Vibrantly painted with a playful scene of boys playing with firecrackers, this pair of vases belong to a select group of porcelain wares made during the Daoguang reign to furnish his newly built Shengdetang (Hall of Prudent Virtue). Part of the Jiuzhouqingyan complex in the Yuanming Yuan, the Shendetang was completed in 1831, and became the Emperor’s preferred residence. Featuring three connecting wave roofs on a square-shaped structure, the hall was markedly different from the more characteristic Confucian-inspired architecture, a feature that was reflected in the style of porcelain that was lavishly produced for it.

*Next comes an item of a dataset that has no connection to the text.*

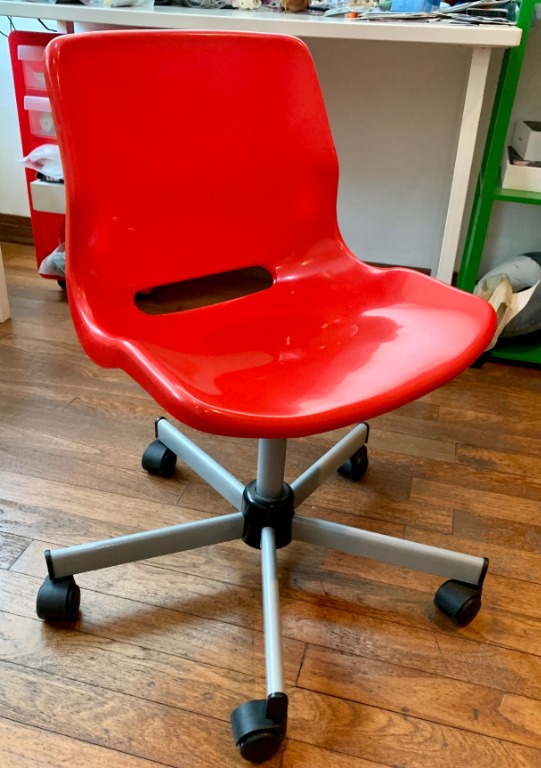 Plastic Chair on Wheels, Babies & Kids, Baby Nursery & Kids Furniture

This special group of wares are attributable to two decades between 1831 and 1850 and are often characterised by novel and lavish designs, as seen with this pair of vases.
A vase of this type and painted with this motif, but with a key-fret band on the neck, from the Georg Weishaupt collection, illustrated in Chinese and Japanese Porcelain of the 19th and 20th Centuries and their Forerunners, Stuttgart, 2002, pl. 38, was sold at Christie’s Hong Kong, 16th January 1989, lot 706; two slightly larger examples were sold in our New York rooms, 28th November 1994, lot 382 and 383, the first with yellow and turquoise-ground flower-scroll borders, and the second with a pink ground and elaborate dragon handles; another was sold in our London Colonnade rooms, 18th July 1994, lot 154; and a further vase but with a Daoguang reign mark and of the period, from the collection of Edward T. Chow, was sold in our Hong Kong rooms, 19th May 1981, lot 597. See also a vase of this type, decorated with boys on dragon boats, between blue-ground borders, in the Palace Museum, Beijing, illustrated in Zhao Congyue, Porcelains with Inscription of Shendetang Collected by the Palace Museum, Beijing, 2014, pl. 50; and another with the borders on a yellow ground, from the Huaihaitang collection, included in the exhibition Ethereal Elegance. Porcelain Vases of the Imperial Qing, Art Museum, The Chinese University of Hong Kong, Hong Kong, 2007, cat. no. 140.
The lively scene on these pieces is set in an elegant winter landscape, with the boys wearing fur coats and playing among flowering winter trees. Together with their engagement with firecrackers, it suggests that the vases were made for celebrating the New Year, when boys were encouraged to light firecrackers to ward off evil and therefore bring peace.